Task details.
Could you print the entries below exactly, starting at the line that contains "深圳试管婴儿是否骗局?深圳试管婴儿有危险吗?" and stopping after the last one?

Data for the task.
################

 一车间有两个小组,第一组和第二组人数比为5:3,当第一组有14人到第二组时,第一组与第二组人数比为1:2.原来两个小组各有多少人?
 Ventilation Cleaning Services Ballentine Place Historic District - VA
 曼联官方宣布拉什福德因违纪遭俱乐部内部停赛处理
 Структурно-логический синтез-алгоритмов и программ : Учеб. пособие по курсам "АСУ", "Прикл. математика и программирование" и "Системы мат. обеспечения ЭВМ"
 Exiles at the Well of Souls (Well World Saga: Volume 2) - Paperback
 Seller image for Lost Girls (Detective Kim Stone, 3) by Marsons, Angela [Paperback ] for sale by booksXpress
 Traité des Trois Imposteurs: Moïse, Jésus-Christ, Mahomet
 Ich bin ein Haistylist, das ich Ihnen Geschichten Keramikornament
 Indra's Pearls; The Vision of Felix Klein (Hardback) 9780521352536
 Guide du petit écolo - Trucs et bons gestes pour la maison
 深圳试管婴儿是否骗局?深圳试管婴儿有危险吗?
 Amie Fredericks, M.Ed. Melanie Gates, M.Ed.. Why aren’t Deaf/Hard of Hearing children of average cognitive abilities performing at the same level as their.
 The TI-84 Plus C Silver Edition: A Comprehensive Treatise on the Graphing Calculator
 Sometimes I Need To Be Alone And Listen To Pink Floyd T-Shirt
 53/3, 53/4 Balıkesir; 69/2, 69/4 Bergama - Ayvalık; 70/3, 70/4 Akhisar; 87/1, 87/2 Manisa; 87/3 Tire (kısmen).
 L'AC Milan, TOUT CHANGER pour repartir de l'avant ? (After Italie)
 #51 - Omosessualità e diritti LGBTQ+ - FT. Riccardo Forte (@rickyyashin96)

################

Output of the task.
 深圳试管婴儿是否骗局?深圳试管婴儿有危险吗?
 Amie Fredericks, M.Ed. Melanie Gates, M.Ed.. Why aren’t Deaf/Hard of Hearing children of average cognitive abilities performing at the same level as their.
 The TI-84 Plus C Silver Edition: A Comprehensive Treatise on the Graphing Calculator
 Sometimes I Need To Be Alone And Listen To Pink Floyd T-Shirt
 53/3, 53/4 Balıkesir; 69/2, 69/4 Bergama - Ayvalık; 70/3, 70/4 Akhisar; 87/1, 87/2 Manisa; 87/3 Tire (kısmen).
 L'AC Milan, TOUT CHANGER pour repartir de l'avant ? (After Italie)
 #51 - Omosessualità e diritti LGBTQ+ - FT. Riccardo Forte (@rickyyashin96)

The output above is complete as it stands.